● Problem statement
Tally the lines of the records below that include the word "from", and write down only that tally.

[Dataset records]
········

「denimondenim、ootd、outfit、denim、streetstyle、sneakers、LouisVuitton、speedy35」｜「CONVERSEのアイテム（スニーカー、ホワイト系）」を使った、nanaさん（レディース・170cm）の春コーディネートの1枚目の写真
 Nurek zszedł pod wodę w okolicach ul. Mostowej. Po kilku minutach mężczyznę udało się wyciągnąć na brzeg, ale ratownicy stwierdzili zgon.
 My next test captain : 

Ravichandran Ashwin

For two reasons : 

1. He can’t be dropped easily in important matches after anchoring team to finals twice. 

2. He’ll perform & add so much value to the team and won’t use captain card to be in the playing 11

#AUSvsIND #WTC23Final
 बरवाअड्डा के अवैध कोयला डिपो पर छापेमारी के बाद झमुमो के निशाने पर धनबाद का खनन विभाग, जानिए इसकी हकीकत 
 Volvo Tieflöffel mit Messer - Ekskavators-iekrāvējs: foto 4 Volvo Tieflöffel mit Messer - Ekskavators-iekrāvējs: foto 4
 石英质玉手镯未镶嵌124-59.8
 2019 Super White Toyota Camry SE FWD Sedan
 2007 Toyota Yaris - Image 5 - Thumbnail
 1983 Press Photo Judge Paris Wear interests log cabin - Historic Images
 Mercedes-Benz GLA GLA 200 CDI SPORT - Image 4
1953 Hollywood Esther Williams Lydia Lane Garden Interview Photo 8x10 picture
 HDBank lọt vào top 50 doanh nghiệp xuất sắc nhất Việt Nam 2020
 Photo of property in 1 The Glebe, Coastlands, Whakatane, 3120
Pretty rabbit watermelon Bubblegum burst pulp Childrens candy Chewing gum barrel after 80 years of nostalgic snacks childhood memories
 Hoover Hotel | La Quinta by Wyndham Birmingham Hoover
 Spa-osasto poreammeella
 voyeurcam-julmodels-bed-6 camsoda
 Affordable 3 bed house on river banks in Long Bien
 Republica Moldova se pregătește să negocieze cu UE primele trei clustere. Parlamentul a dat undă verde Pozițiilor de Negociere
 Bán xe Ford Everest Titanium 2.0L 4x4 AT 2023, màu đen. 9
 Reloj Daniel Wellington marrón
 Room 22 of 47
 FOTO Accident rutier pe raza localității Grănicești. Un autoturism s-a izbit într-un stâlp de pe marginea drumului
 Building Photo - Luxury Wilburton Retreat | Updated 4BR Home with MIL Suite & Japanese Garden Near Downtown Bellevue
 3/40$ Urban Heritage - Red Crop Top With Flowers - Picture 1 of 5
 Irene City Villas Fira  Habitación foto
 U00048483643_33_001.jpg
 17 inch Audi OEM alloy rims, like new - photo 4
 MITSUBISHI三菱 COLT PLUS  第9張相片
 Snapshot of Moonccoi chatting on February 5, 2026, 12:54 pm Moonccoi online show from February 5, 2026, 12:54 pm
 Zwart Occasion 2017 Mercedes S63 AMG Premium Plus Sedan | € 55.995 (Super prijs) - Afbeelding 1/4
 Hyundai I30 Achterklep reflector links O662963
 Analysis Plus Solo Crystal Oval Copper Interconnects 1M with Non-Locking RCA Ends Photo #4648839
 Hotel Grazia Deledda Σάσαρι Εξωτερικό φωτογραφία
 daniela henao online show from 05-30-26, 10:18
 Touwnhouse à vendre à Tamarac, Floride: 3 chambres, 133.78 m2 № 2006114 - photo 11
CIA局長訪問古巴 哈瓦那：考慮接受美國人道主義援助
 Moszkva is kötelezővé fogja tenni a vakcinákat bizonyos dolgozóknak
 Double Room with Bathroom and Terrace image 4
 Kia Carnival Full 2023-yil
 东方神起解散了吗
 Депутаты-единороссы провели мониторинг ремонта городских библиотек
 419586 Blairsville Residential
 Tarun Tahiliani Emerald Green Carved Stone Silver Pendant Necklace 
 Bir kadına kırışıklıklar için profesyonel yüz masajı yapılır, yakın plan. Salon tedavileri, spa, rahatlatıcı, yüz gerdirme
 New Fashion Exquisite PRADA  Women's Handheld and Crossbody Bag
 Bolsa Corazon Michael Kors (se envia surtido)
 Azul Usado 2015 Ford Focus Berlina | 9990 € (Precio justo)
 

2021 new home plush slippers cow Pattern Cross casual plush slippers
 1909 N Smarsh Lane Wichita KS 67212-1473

········

● Final answer
2